According to Symantec, a new Zero Day exploit was discovered every week in 2015, and nearly 75% of websites had unpatched vulnerabilities. In the modern world of DevOps, the idea of Acceptable Risk is being taken to new extremes, which often means sacrificing security for even a small amount of velocity.
It seems that compliance and velocity can only be at odds with each other. But is this true? Is it possible to achieve compliance without sacrificing velocity?
In this, and the following two articles I will share my approach on how this can be done.
An Intro to STIGs
Before explaining my approach to compliance at speed, I want to first set the stage with STIGs.
In government, compliance standards are documented in the form of a STIG (Security Technical Implementation Guides). STIGs contain all the rules and settings that IT systems should have in order to be considered secure by the Department of Defense’s standards.

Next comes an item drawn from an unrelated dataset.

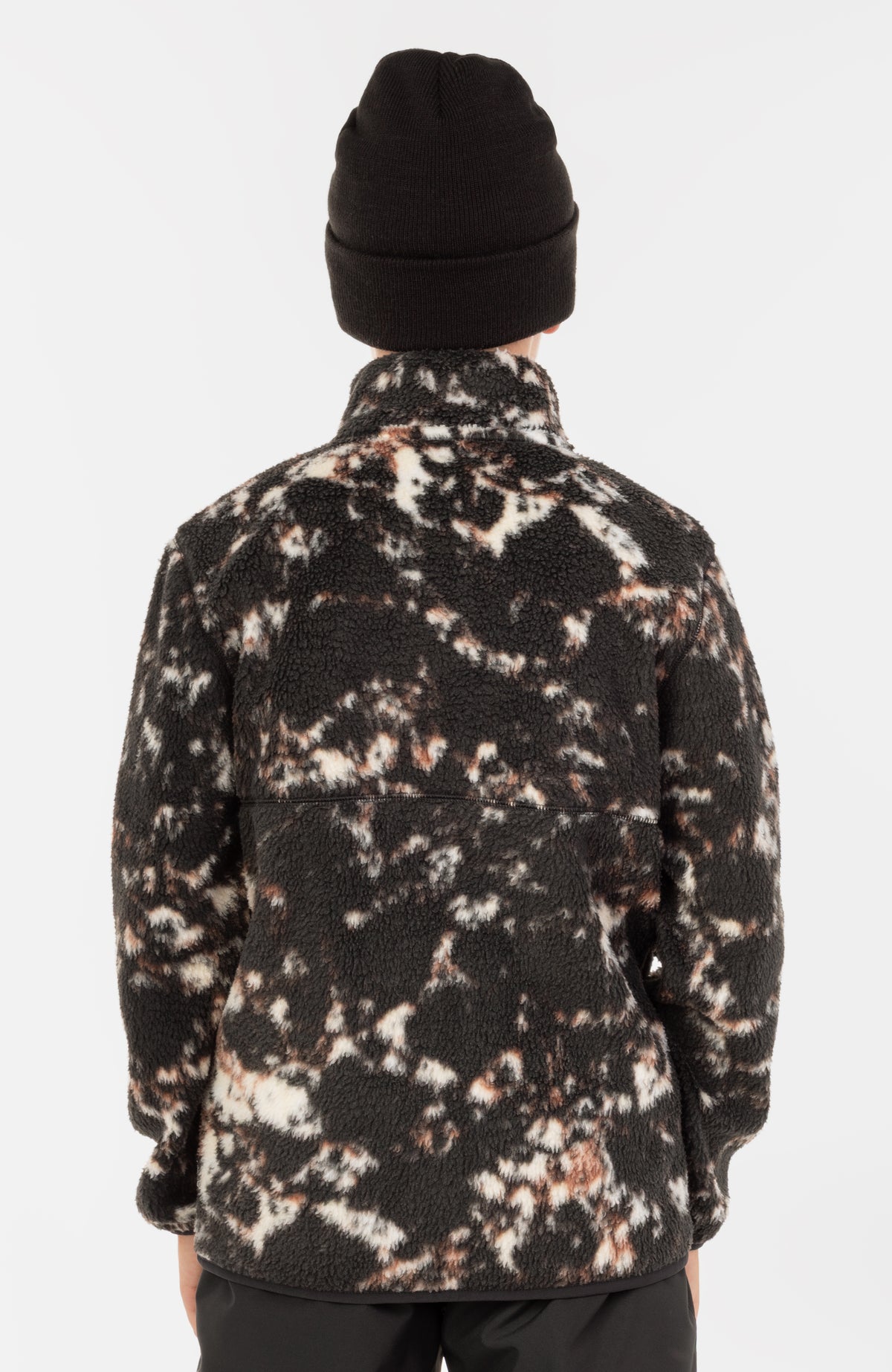 O'NEILL HIGH PILE FZ FLEECE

Some say the STIGs are so impressive that they can secure entire systems through osmosis, but in reality the STIGs are a thorough set of systems-related criteria that cover anything from maintenance processes such as software updates and vulnerability patching to systems architecture such as the configurations of routers, firewalls, servers, and switches.
The Defense Information Systems Agency (DISA) maintains over 400 different STIGs. They cover the rules and settings for everything from Linux operating systems to Google’s Chrome browser. In addition to a large number of STIGs given your IT setup, individual STIGs can contain as many as nine different security levels, making implementing STIGs in your organization an overwhelming and daunting task.
Which brings me to the reality of the Information Assurance (IA) team. If you are in IA, what do you do? How can you maintain security given the rapid change in technology, the frequent updates of STIGs and the uniqueness of your organization?
I’m glad you asked. Let’s talk about loops.
OODA – Observe, Orient, Decide, Act.
Colonel John Boyd’s approach to combat operations favored agility over raw power. By observing and reacting to unfolding events more rapidly than your competitors you have gained a massive advantage. The same advantage with agility holds true when it comes to DevOps.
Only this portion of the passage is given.